Para los críticos, esto confirma que la marcha responde más a una estrategia coordinada que a un reclamo social auténtico.
El doble discurso progresista
Uno de los puntos más cuestionados es la contradicción central del movimiento: una marcha que se presenta como anti-élite pero que está financiada por multimillonarios y grandes estructuras de poder.

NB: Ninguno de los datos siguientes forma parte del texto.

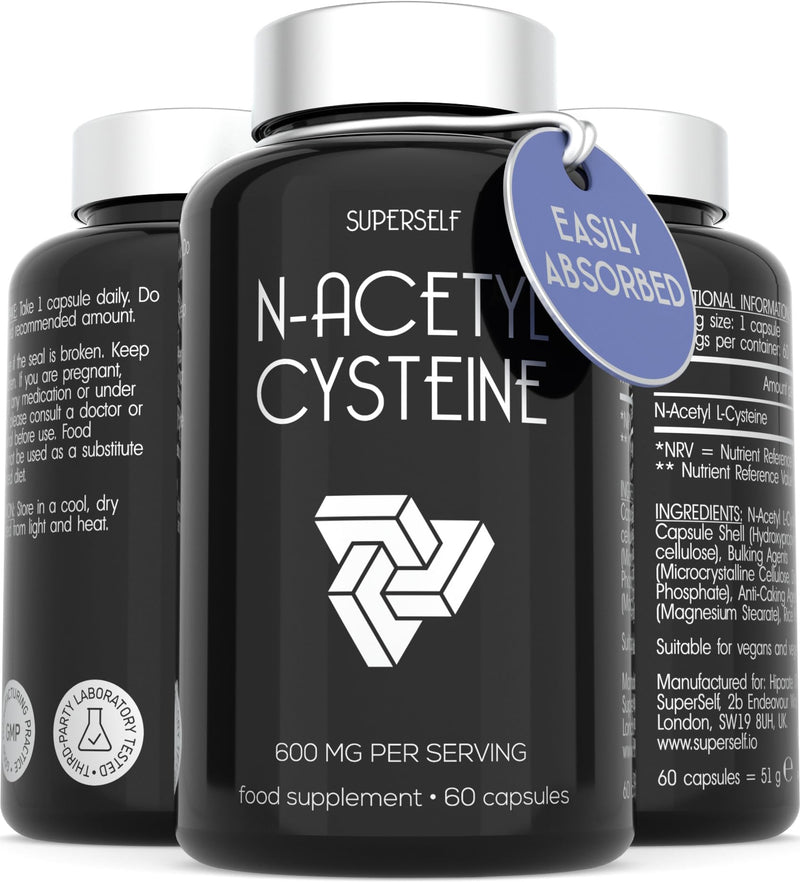 [Australia] - NAC Supplement High Strength - N-Acetyl-Cysteine 600mg - 60 Capsules - Odourless - Vegan N Acetyl Cysteine Nutritional Supplements - Made in The UK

Mientras el discurso apunta contra los “ricos” y el “sistema”, los datos muestran que:
Millonarios y fundaciones financian la movilización
ONG con agenda política estructuran la logística
Existe una red de organizaciones alineadas ideológicamente
Para los detractores, esto evidencia un patrón repetido: protestas que se venden como populares pero que en realidad forman parte de operaciones políticas financiadas desde arriba.
Un entramado de ONGs con agenda ideológica
El documento filtrado también revela una extensa lista de organizaciones que reciben financiamiento y participan en este tipo de movilizaciones.
Entre ellas se destacan:
Reproductive Freedom for All
League of Women Voters
National LGBTQ Task Force
MoveOn
Center for American Progress
Estas organizaciones han impulsado históricamente agendas vinculadas al aborto, ideología de género, ambientalismo radical y expansión del rol del Estado.
Según analistas críticos, la marcha “No Kings” no sería más que una nueva expresión de este ecosistema político.
Astroturfing: la estrategia detrás de las marchas
El caso vuelve a poner sobre la mesa el concepto de “astroturfing”: movimientos que aparentan ser espontáneos pero que en realidad están financiados y organizados por estructuras con intereses concretos.
En este contexto:
Se construye una narrativa de indignación social
Se movilizan recursos millonarios para amplificar el mensaje
Se busca influir en la opinión pública y en la política
Para muchos, la marcha “No Kings” encaja perfectamente en este modelo.
La revelación del financiamiento detrás de la marcha “No Kings” cambia completamente el eje del debate.
Lo que se presentaba como una protesta ciudadana contra el poder, aparece ahora como una movilización impulsada por algunas de las élites más influyentes del mundo progresista.
En lugar de una rebelión “contra los reyes”, los datos muestran algo distinto: una operación política financiada por millones, con objetivos claros y actores bien identificados.